Abstract 1368: Overexpression of P22phox Subunit of Nadph Oxidase in Mice Accelerates Cardiac Fibrosis and Angiogenesis in Response to Angiotensin Ii
NADPH oxidases (Nox) are a major source of ROS in the heart and angiotensin II (Ang II) has been shown to activate these enzymes. In vitro, activation of Nox1, Nox2 and Nox4 by AngII requires p22phox. Transgenic mice which overexpress p22phox in smooth muscle cells and fibroblasts driven by the smooth muscle actin promoter (TGp22phox) have enhanced oxidative stress in response to Ang II. We hypothesized that p22phox-regulated NADPH oxidases accelerate Ang II-induced cardiac fibrosis in mice. Treatment with Ang II (100 nM) for 24 hours of murine cardiac fibroblasts isolated from WT or TGp22phox mice showed a dramatic upregulation of p22phox (10 fold±1. 5), Nox4 (8.3±1.4) and fibrosis markers (collagen I, fibronectin). Furthermore, downregulation of Nox4 with specific small interference RNA against Nox4 prevented induction of Nox4, collagen I, fibronectin and hydrogen peroxide in response to Ang II or TGF-β1. Next, we subjected wild-type (WT) and TGp22phox to hypertensive (1.4 mg/kg/day) of Ang II for four weeks.
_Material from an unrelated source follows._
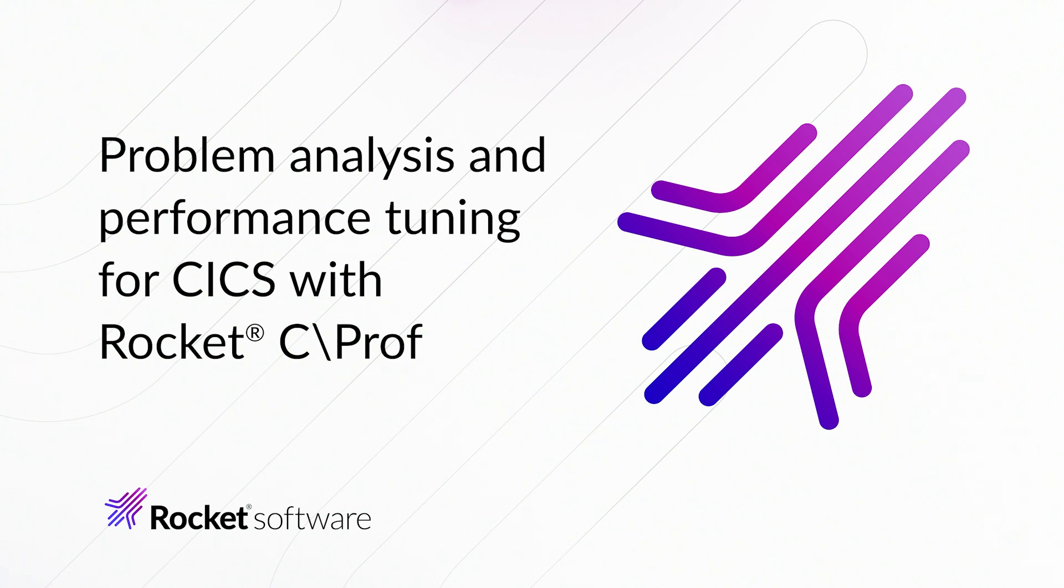Hello, my name is Israel Gross, and I'm a Principal Solutions Advisor at Rocket Software. Today I want to talk to you about the offerings that IBM and Rocket provide to assist in the problem analysis and performance tuning of your CICS environment.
Surprisingly, TGp22phox mice exhibited enhanced vascularity and interstitial and perivascular cardiac fibrosis (2.2 fold ±0.5, n=8, p<0.05) as measured by Mason’s trichrome staining upon treatment with Ang II. In conclusion, overexpression of p22phox-based NADPH oxidases in cardiac fibroblasts and smooth muscled cells enhances cardiac fibrosis and angiogenesis in response to Ang II. Nox4 is a major contributor to cardiac fibrosis in vitro and may contribute in vivo in this murine model of cardiac fibrosis.
This research has received full or partial funding support from the American Heart Association, AHA National Center.